Don’t fear gentrification, those new blocks of flats can lead to lower rents

A crane rises above a multistorey block under construction.
Windows are fitted as the first phase of a housing block in Reading, Berkshire, nears completion in May 2023. Photograph: Geoffrey Swaine/Shutterstock

Housing is always centre stage in British politics, usually in the form of support for first-time buyers, like right to buy. But Keir Starmer is making housebuilding a key pre-election dividing line, attacking Rishi Sunak for scrapping the government’s 300,000 homes a year target for England and, more boldly, recognising that some development on green belt land will be required.

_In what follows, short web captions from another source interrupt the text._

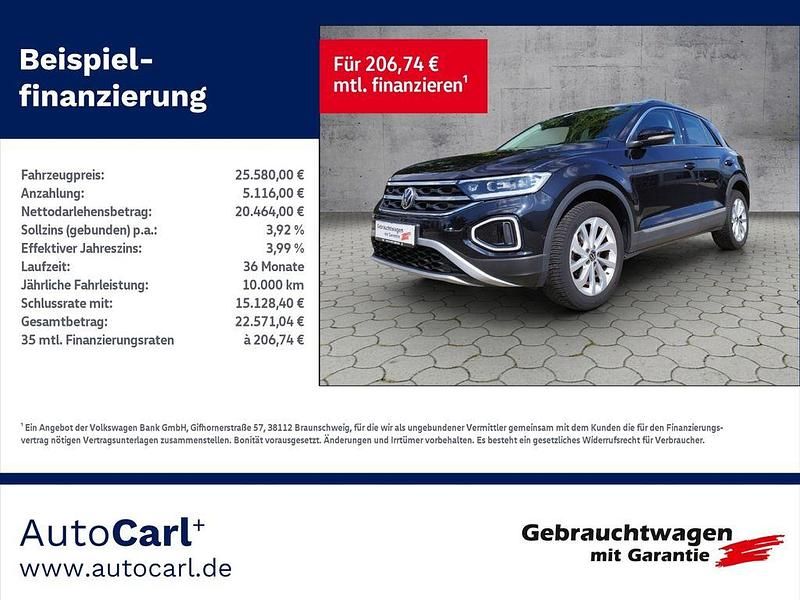 Schwarz Gebraucht 2022 VW T-Roc IQ Drive SUV | 25.580 € (Fairer Preis) - Bild 1/4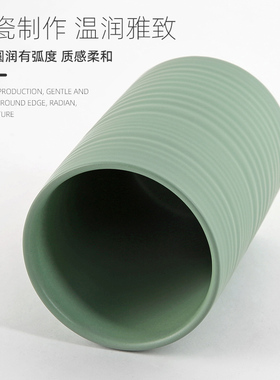 l Wol陶瓷刷牙杯子漱口杯牙具杯洗漱杯牙刷杯家用装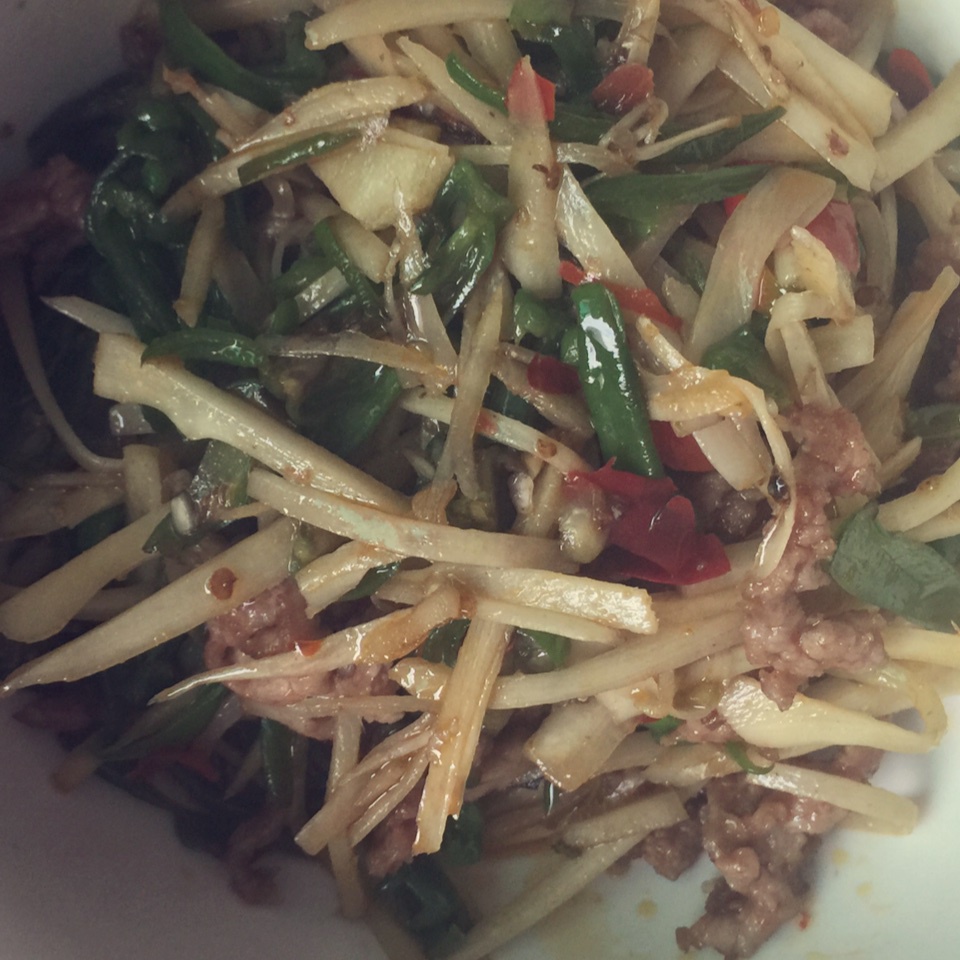 仔姜肉丝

The Labour leader is up for a row that brings to life his promises to raise growth and home ownership, while highlighting Conservative divisions. Those divisions reflect housebuilding’s most discussed political faultline: Lib Dems scenting blood in Tory shire marginals whenever a single brick is laid.

Other issues are closer to home for Labour MPs, such as anti-gentrification protesters arguing that new city flats push up rents for local people.

But new evidence supports the left’s turn towards Yimbyism (“yes, in my back yard”). US data shows that boosting housing supply by adding a block of flats reduces local rents by 6%.

Building flats is the response to gentrification, not its cause. The yuppies are coming anyway, and the researchers find that adding new flats to meet that demand and keep other rents lower actually increases the share of poorer new arrivals.

The arrival of higher-paid workers does cause housing cost challenges for existing residents – rents rise with average incomes. But once those workers do arrive, housebuilding is part of the answer, not the problem. The rest of the answer? More social housing and ensuring that housing benefit, rather than being frozen as currently, rises with rents.

In the 1950s, a Conservative PM, Winston Churchill, not only promised 300,000 homes a year, he built them. Britain – it’s time to build.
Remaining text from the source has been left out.